_AVAILABLE RECORDS_.

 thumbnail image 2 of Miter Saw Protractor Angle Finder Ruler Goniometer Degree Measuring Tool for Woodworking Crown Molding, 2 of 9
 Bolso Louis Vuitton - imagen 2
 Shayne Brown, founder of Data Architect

==

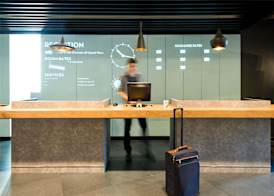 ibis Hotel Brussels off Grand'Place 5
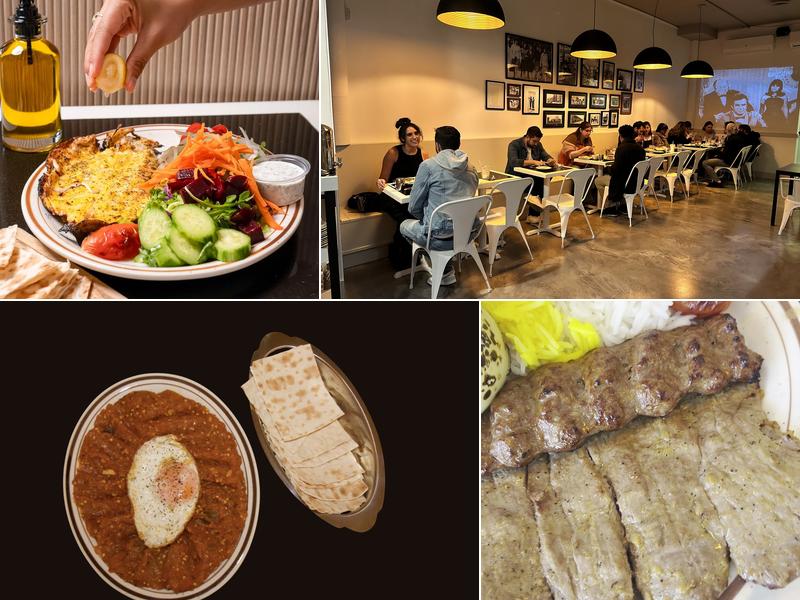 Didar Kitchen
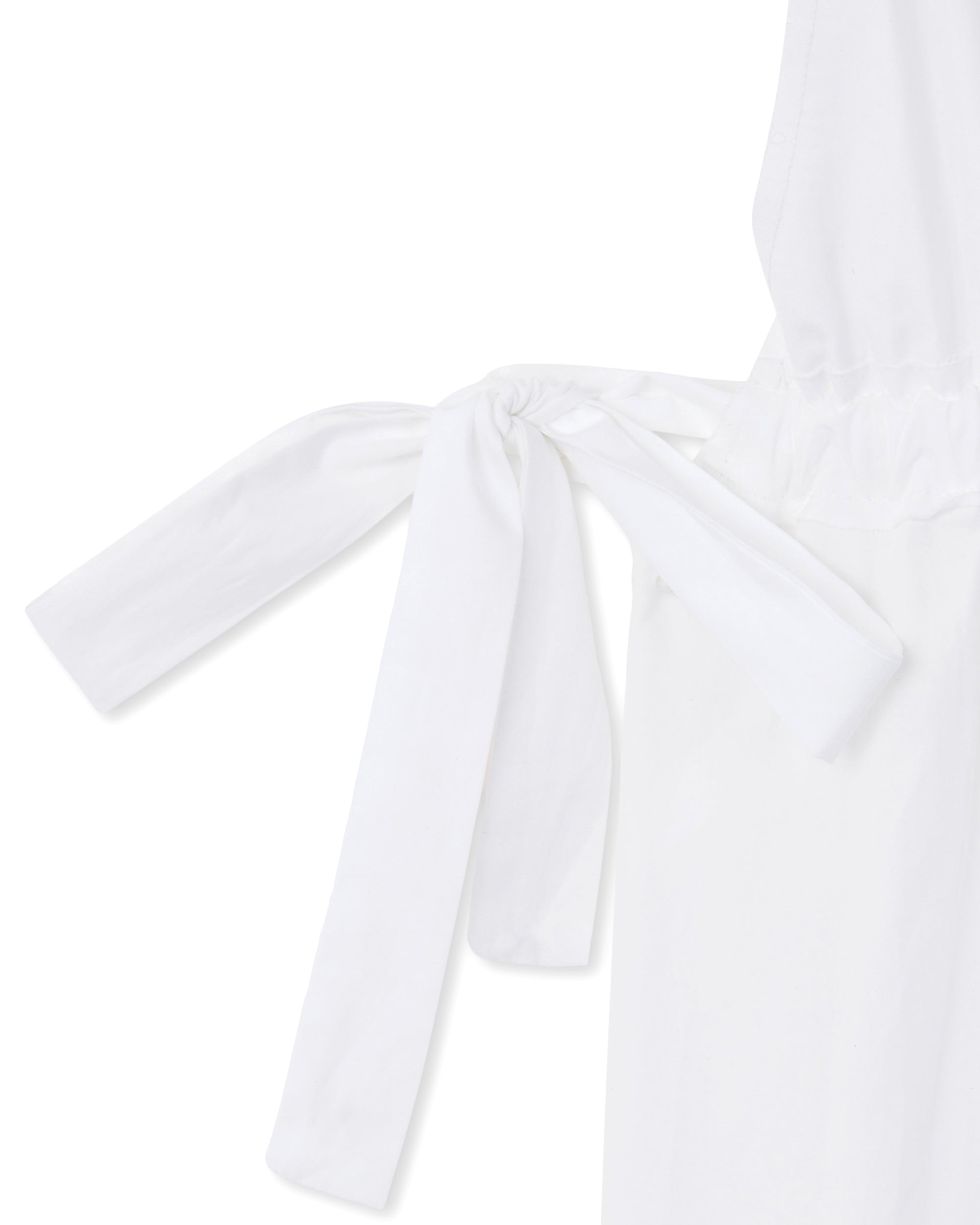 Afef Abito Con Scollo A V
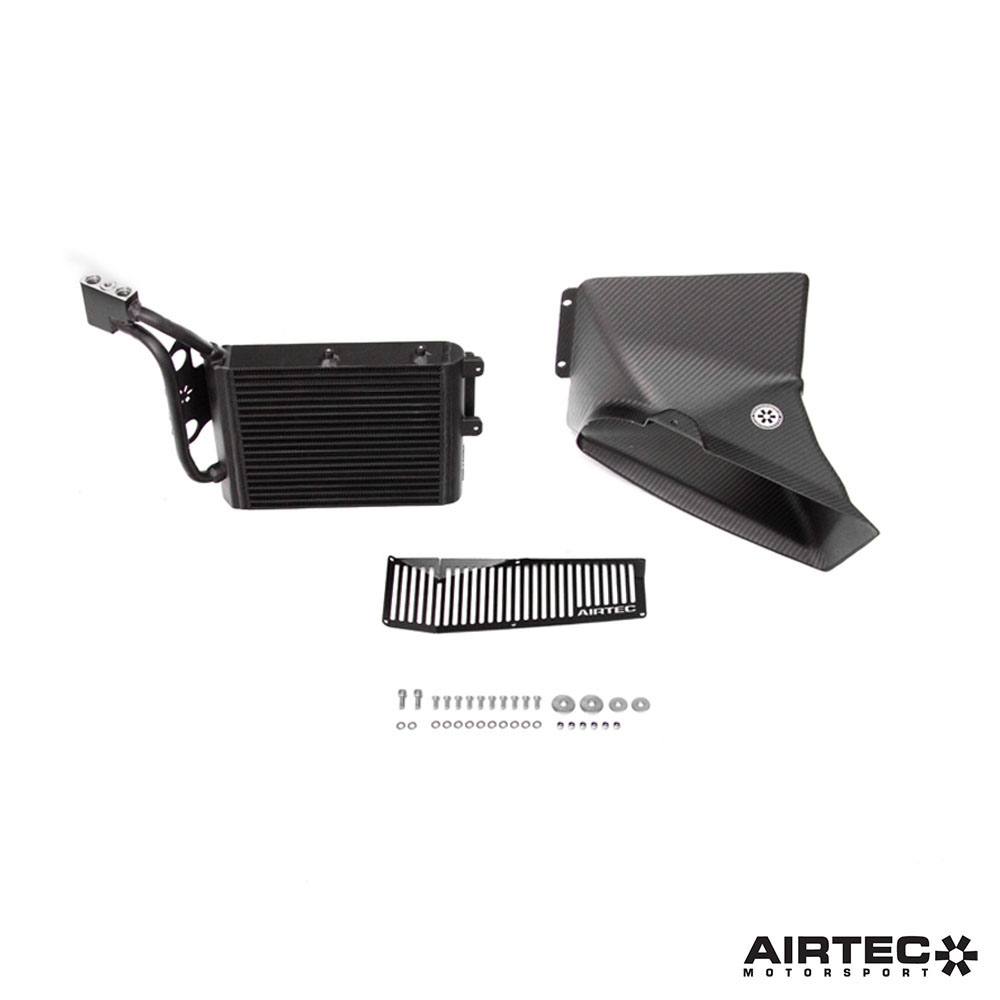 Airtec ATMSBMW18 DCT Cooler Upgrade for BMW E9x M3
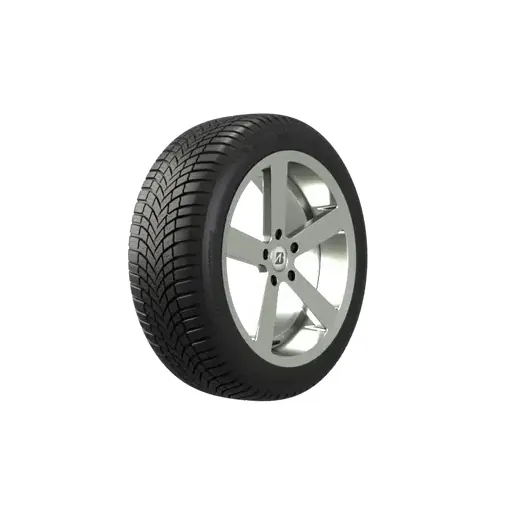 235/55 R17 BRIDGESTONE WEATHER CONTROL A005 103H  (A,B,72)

_EXERCISE DIRECTIONS_. Reprint exactly the lines above that start at the one with "thumbnail image 2" and end at the one with "Shayne Brown, founder of Data Architect", keeping both and adding none.

_EXPECTED OUTPUT_.
 thumbnail image 2 of Miter Saw Protractor Angle Finder Ruler Goniometer Degree Measuring Tool for Woodworking Crown Molding, 2 of 9
 Bolso Louis Vuitton - imagen 2
 Shayne Brown, founder of Data Architect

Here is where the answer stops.